Start of Block
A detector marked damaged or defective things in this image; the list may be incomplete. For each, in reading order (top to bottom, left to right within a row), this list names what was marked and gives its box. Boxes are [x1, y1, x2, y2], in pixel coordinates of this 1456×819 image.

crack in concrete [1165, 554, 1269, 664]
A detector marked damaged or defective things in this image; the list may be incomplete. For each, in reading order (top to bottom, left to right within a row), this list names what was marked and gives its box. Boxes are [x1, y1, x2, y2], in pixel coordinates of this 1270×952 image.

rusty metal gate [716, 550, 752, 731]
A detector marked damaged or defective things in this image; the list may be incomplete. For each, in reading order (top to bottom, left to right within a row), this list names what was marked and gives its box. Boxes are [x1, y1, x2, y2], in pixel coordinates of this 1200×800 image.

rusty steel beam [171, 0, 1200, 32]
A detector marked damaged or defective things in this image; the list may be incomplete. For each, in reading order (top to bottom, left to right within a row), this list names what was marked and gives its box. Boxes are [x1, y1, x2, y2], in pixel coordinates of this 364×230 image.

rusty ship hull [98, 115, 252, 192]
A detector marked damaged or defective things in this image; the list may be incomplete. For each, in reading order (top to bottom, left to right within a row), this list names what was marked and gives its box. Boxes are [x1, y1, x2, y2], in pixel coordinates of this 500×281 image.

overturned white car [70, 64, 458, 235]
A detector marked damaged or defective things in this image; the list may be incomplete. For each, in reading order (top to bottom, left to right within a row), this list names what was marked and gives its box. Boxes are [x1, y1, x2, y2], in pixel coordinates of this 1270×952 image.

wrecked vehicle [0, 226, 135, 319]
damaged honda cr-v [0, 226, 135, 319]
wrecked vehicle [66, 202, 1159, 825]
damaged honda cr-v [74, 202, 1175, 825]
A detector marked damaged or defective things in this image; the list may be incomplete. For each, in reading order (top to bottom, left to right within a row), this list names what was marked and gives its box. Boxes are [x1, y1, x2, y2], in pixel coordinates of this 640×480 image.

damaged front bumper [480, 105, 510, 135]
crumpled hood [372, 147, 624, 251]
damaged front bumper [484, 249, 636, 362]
End of Block
Please return exactly the lines from the one containing "this 364×230 image." through the end of the entries above, adding no other line.

A detector marked damaged or defective things in this image; the list may be incomplete. For each, in reading order (top to bottom, left to right within a row), this list names what was marked and gives its box. Boxes are [x1, y1, x2, y2], in pixel coordinates of this 364×230 image.

rusty ship hull [98, 115, 252, 192]
A detector marked damaged or defective things in this image; the list may be incomplete. For each, in reading order (top to bottom, left to right within a row), this list names what was marked and gives its box. Boxes are [x1, y1, x2, y2], in pixel coordinates of this 500×281 image.

overturned white car [70, 64, 458, 235]
A detector marked damaged or defective things in this image; the list may be incomplete. For each, in reading order (top to bottom, left to right within a row), this list names what was marked and gives its box. Boxes are [x1, y1, x2, y2], in pixel coordinates of this 1270×952 image.

wrecked vehicle [0, 226, 135, 319]
damaged honda cr-v [0, 226, 135, 319]
wrecked vehicle [66, 202, 1159, 825]
damaged honda cr-v [74, 202, 1175, 825]
A detector marked damaged or defective things in this image; the list may be incomplete. For each, in reading order (top to bottom, left to right within a row), this list names what was marked and gives its box. Boxes are [x1, y1, x2, y2], in pixel coordinates of this 640×480 image.

damaged front bumper [480, 105, 510, 135]
crumpled hood [372, 147, 624, 251]
damaged front bumper [484, 249, 636, 362]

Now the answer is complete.